16.13  The Directive, if adopted as proposed, would also increase consumers' awareness of the availability of ADR by, amongst other measures, imposing a requirement on businesses to inform their consumers about the ADR entity by which they are covered. However, the Directive would not require the business to use that ADR entity. So, it could lead to situations where a consumer takes a dispute to an ADR entity but the ADR entity is unable to help because the business refuses to engage. Similarly there would be no obligation on consumers to use ADR to attempt to resolve disputes. One of the factors for both parties will be the cost of the procedure. The Directive would limit costs to consumers to be "moderate" but would place no limit on costs to business.

16.14  The Directive would not require all current organisations that provide ADR to meet certain quality criteria; only those that want to be recognised as "ADR entities" would have to do so. The responsibility would fall to Member States to ensure there is no gap in the availability of quality ADR. They could fill any gap by establishing a "residual" ADR entity rather than requiring the establishment of sector-specific ADR entities.

POLICY IMPLICATIONS

16.15  This section lists the key areas in which substantive amendments have been proposed either in the Council General Approach or in the amendments agreed the IMCO Committee.

16.16  The Government supported the General Approach text as it made important improvements to the proposed Directive not least by including procedural rules (to allow ADR entities to dismiss disputes that are not suitable for ADR to ensure the effective functioning of the ADR entity); clarifying scope (both in terms of types of dispute covered and types of ADR procedures included); and reducing the burdens of consumer information/assistance requirements (to be provided by business and other organisations).

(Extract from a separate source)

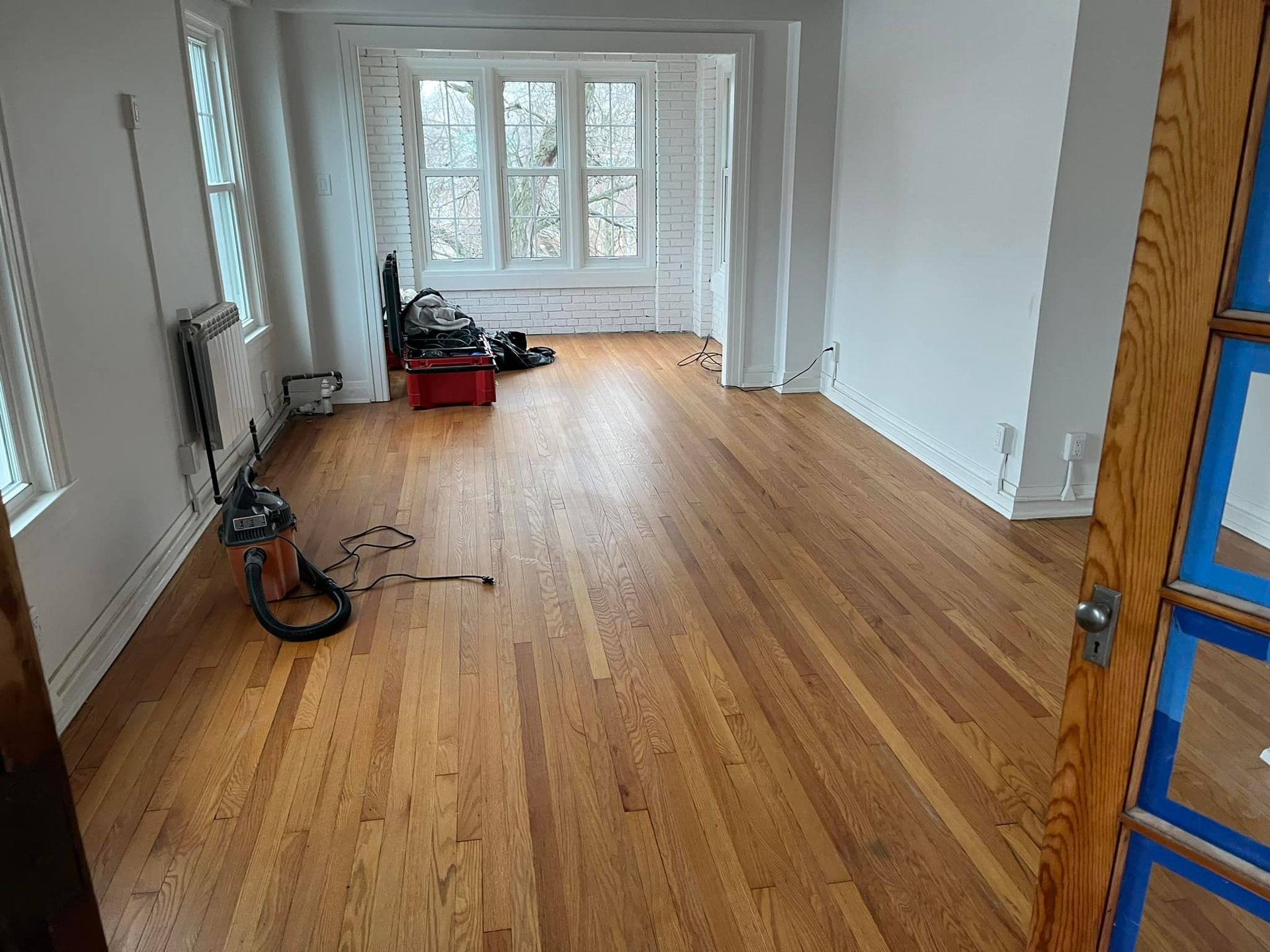 A living room with hardwood floors and a vacuum cleaner on the floor.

16.17  Other substantive amendments in the General Approach text were in the following key areas: relationship to other EU legislation (which provisions on ADR should prevail); quality criteria for ADR entities (both in terms of how they run their procedures and reporting requirements); fairness (including rules about procedures that impose or propose solutions); Competent Authorities (who they should be and their precise role); co-operation of ADR entities (with other ADR entities and national authorities); implementation issues (including penalties and timing.)

16.18  The IMCO text included amendments in many of the areas where there are substantive amendments in the General Approach text and, in addition amendments in the following areas: publication of exemplary ADR outcomes (in order to improve business practices); support for ADR entities (including funding, training, a European quality label and pan-European ADR entities); linkages to justice systems (to encourage ADR instead of court action and to not limit access to justice where ADR fails).

IMPACT ASSESSMENT

16.19  In summary, the Directive would have an impact on: all businesses that sell goods or services to consumers in the EU by making them provide information about ADR and deciding whether or not to use it; providers of ADR that wish to be recognised as ADR entities under the Directive as they need to meet certain quality criteria; and consumers who may benefit from greater availability of quality ADR (but only if more businesses agree to use it).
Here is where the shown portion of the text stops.